Hand held two dimensional symbol reader with a symbol illumination window

A symbol reader which projects an illumination window or field that is the same size as a field of view of a sensor used to read a symbol. The illumination window is aligned with the field of view of the sensor. The window or field can provide an area of relatively constant illumination or edges of the window or field can be at a higher illumination creating an outline or capture border. The outline alone can be projected when the ambient light level is sufficient for capture of the symbol. The window or field can be created by projecting light from various light sources.

CROSS REFERENCES TO RELATED PATENTS AND APPLICATIONS 
This application is related to U.S. Pat. No. 4,924,078 and U.S. application 
Ser. No. 07/485,832 entitled Symbol Reader by James L. Karney filed Feb. 
28, 1990 both incorporated by reference herein. 
BACKGROUND OF THE INVENTION 
1. Field of the Invention 
The present invention is directed to a hand held reader used for capturing 
two dimensional symbols, and, more particularly, to a system in which a 
target outline is projected by the reader allowing the user to easily 
position the targeted symbol within the outline for symbol capture. 
Description of the Related Art 
Two dimensional symbols, such as described in U.S. Pat. No. 4,924,078, can 
be captured for decoding in a number of different ways. The symbols can be 
scanned with a laser beam in much the same way that barcode symbols are 
scanned thereby capturing portions of the symbols sequentially. Such 
capture systems, if the symbol is moving relative to the capture system, 
may erroneously read the symbol. The entire symbol can also be captured at 
one time using an array of sensors such as a CCD array. Capturing all the 
symbol at the same time avoids the problems of relative symbol movement 
which occur in the scanned systems. However, positioning the sensor so 
that all of the symbol is in the field of view of the sensor can be a 
problem.

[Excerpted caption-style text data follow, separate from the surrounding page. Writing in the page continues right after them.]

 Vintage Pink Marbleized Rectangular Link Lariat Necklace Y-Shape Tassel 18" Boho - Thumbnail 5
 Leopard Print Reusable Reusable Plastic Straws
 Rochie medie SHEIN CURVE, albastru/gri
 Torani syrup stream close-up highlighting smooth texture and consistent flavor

What is needed is a capture system that allows the user to 
position the field of view of the sensor to cover the symbol being 
captured. 
SUMMARY OF THE INVENTION 
It is an object of the present invention to allow a user to position a 
symbol reader field of view to cover a symbol being captured. 

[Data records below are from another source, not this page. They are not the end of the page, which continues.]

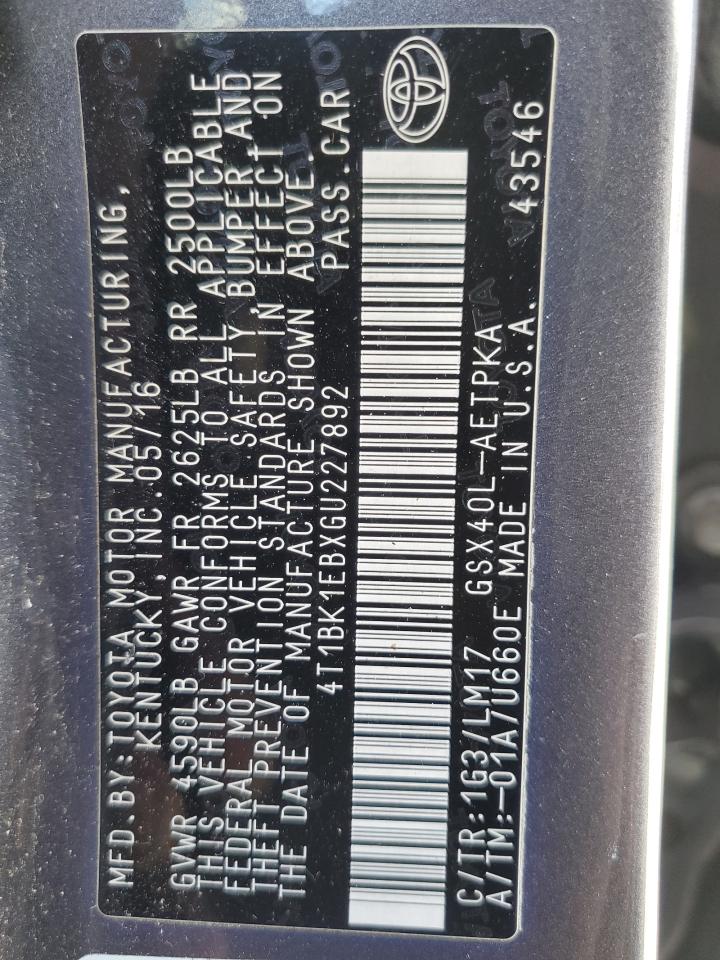 4T1BK1EBXGU227892 2016 Toyota Avalon Xle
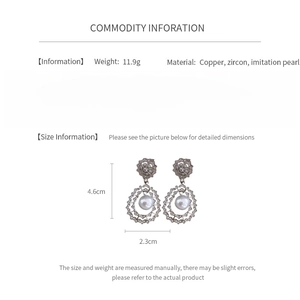 Detailed size chart and material specs for vintage water drop pearl zircon earrings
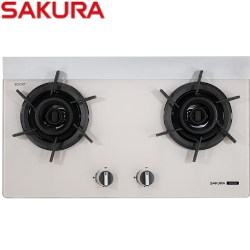 櫻花牌(SAKURA)二口雙炫火玻璃檯面爐(奶油杏) G2922BGC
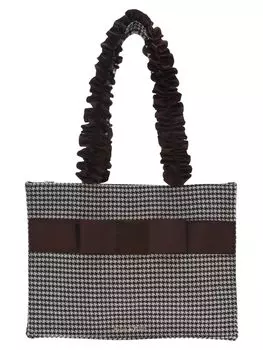de Tote Bag EC Limited Houndstooth Ruffle Handle Square Tote M Bag Brown [Maison Fleur] Womens
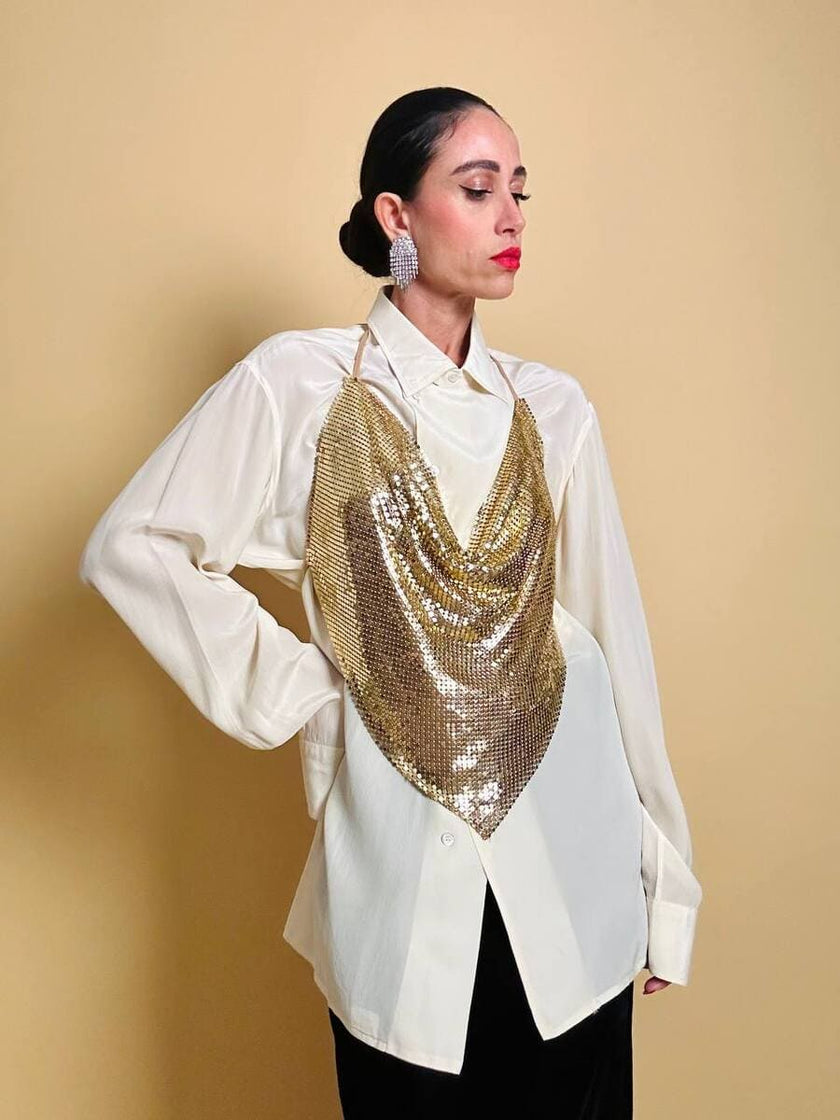 Top vintage a fazzoletto in maglia metallica oro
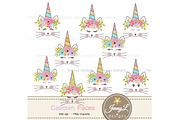 Caticorn face Clipart, Cat Unicorn, an Illustration by JennyL Designs (Thumbnail 1 of 4)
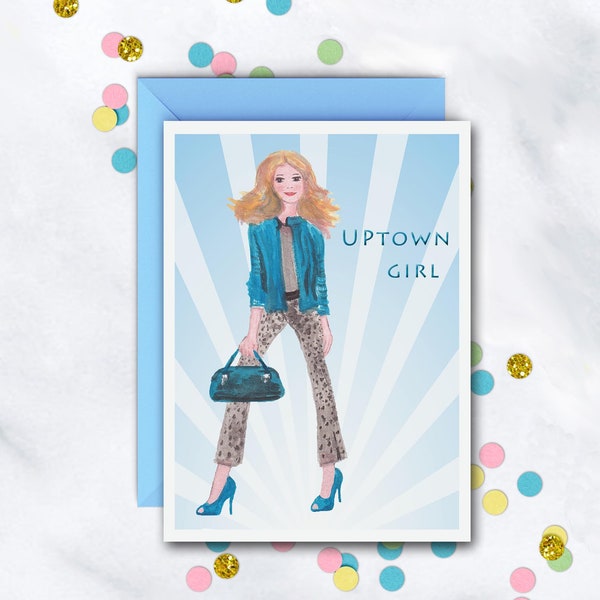 Uptown Girl Card | Birthday Card | New York City Girl Card | Everyday Card | Girl Birthday | Single Card | Set Of 8 Cards With Envelopes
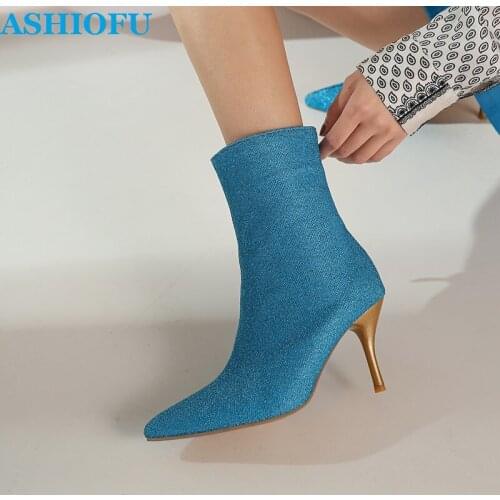 ASHIOFU 2020 New Hot Sale Ladies 8.5cm Heels Boots Sexy Real Pictures Party Prom Ankle Booties Plus Size Evening Winter Boots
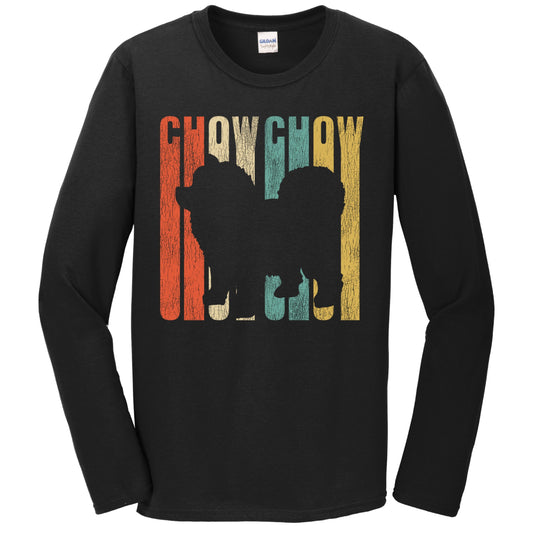 Retro 1970's Style Chow Chow Dog Silhouette Cracked Distressed Long Sleeve T-Shirt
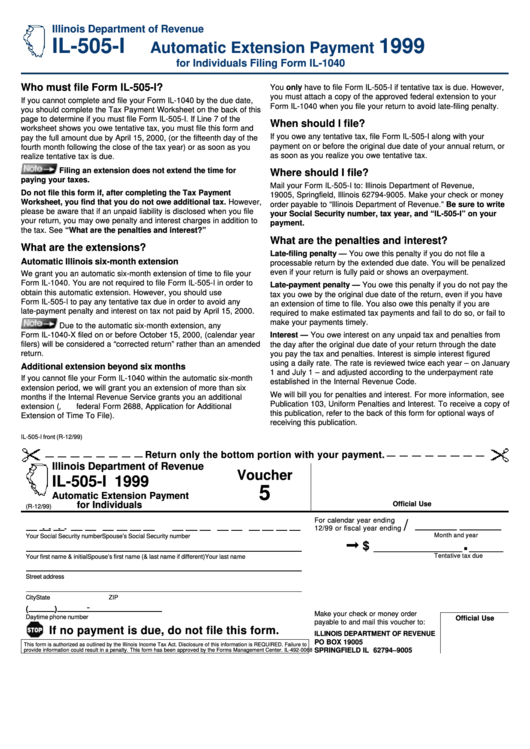 Form Il-505-I - Automatic Extension Payment For Individuals - 1999 Printable pdf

It is another object of the present invention to provide a simple method of 
sensor and symbol alignment. 
It is also an object of the present invention to provide an illumination 
window the same shape as the target symbol. 
It is a further object of the present invention to provide an illumination 
window or field that encompasses the area in which a target symbol resides 
on an object. 
It is also an object of the present invention to provide illumination 
windows of various shapes. 
It is still another object of the present invention to simplify and 
automate capturing a two dimensional symbol using a portable reader that 
allows capturing the symbol at varying distances from the reader, allows 
capturing symbols of various sizes and shapes, allow capturing symbols on 
varying surfaces at various orientations when capture criteria are met. 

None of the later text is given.